During filming, Biao sustained a back injury while filming the scene where his character jumped off the second story of a house, despite landing feet-first on some padding dressed up as grass.

When the studio needed another female martial artist for the film, Rothrock recommended Karen Sheperd. Upon arriving in Hong Kong, Sheperd demanded that her character should not die, as it would ruin her reputation. In addition, she refused to kill a boy, as written on the screenplay. After Rothrock and Sheperd's fight scene was completed, the crew filmed a body double doing the scenes Sheperd refused to do, including her character's death.
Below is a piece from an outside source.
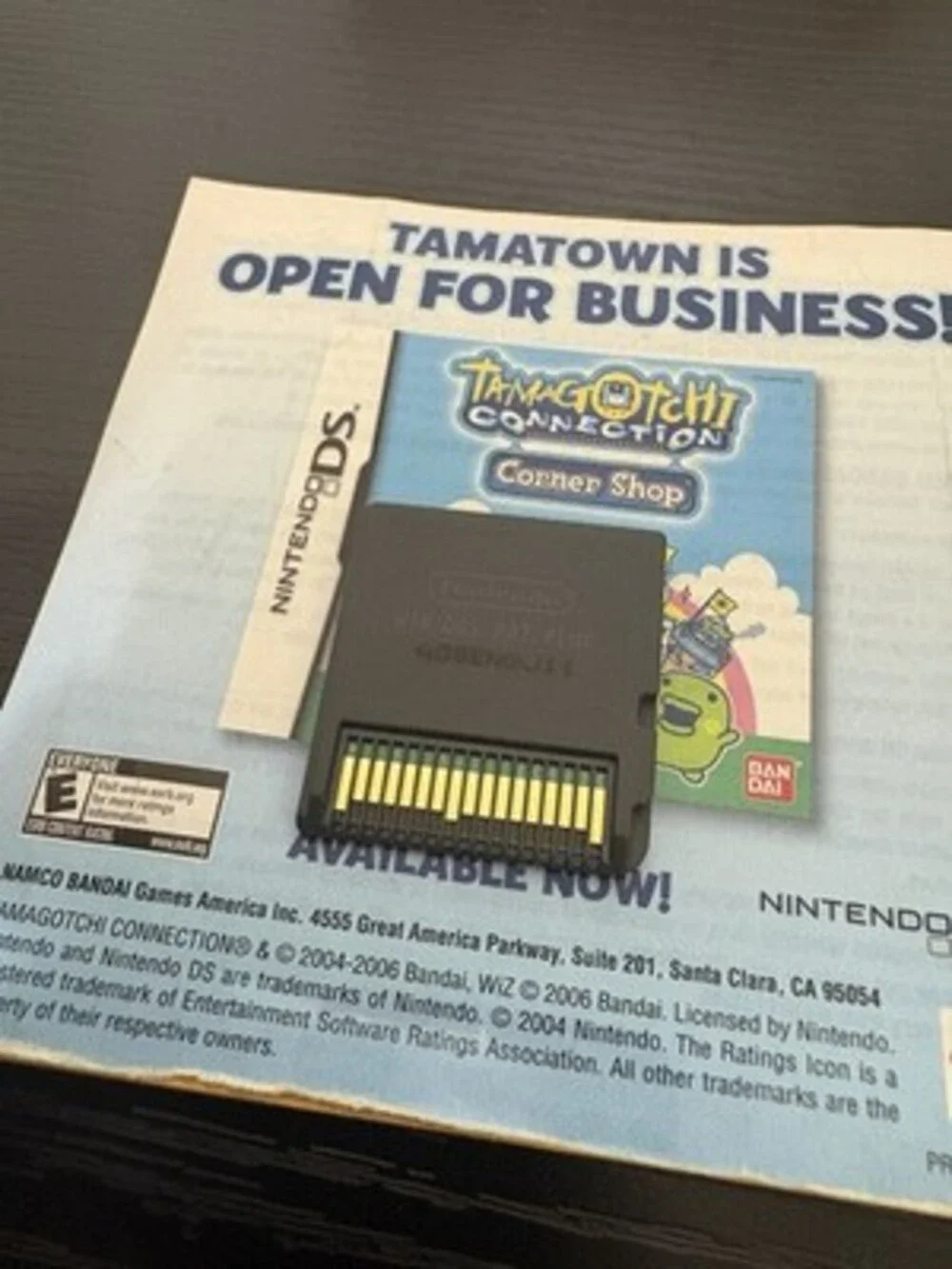 ds TAMAGOTCHI 2 *x Connection Corner Shop 2 Connexion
The film's original ending was met with a negative reception during its midnight screening in Hong Kong; because of this, Rothrock stopped filming China O'Brien and flew from Los Angeles to Hong Kong to reshoot the ending for the Mandarin and international versions.

==Release==
The English dub of the film was released internationally as Above the Law. In the Philippines, the film was released by First Films as Fight to Win II, connecting it to the unrelated film The Magic Crystal (released as Fight to Win in the country).

===Home media===
Righting Wrongs was released on DVD in the U.S. by Dragon Dynasty on 29 May 2007 under the title Above the Law.

The film was released on Blu-ray in the U.S. by Vinegar Syndrome on 30 August 2022. The three-disc set includes the original 96-minute Hong Kong cut, the 100-minute international Mandarin cut, and the 92-minute English Above the Law cut, plus the 1990 documentary The Best of the Martial Arts Films.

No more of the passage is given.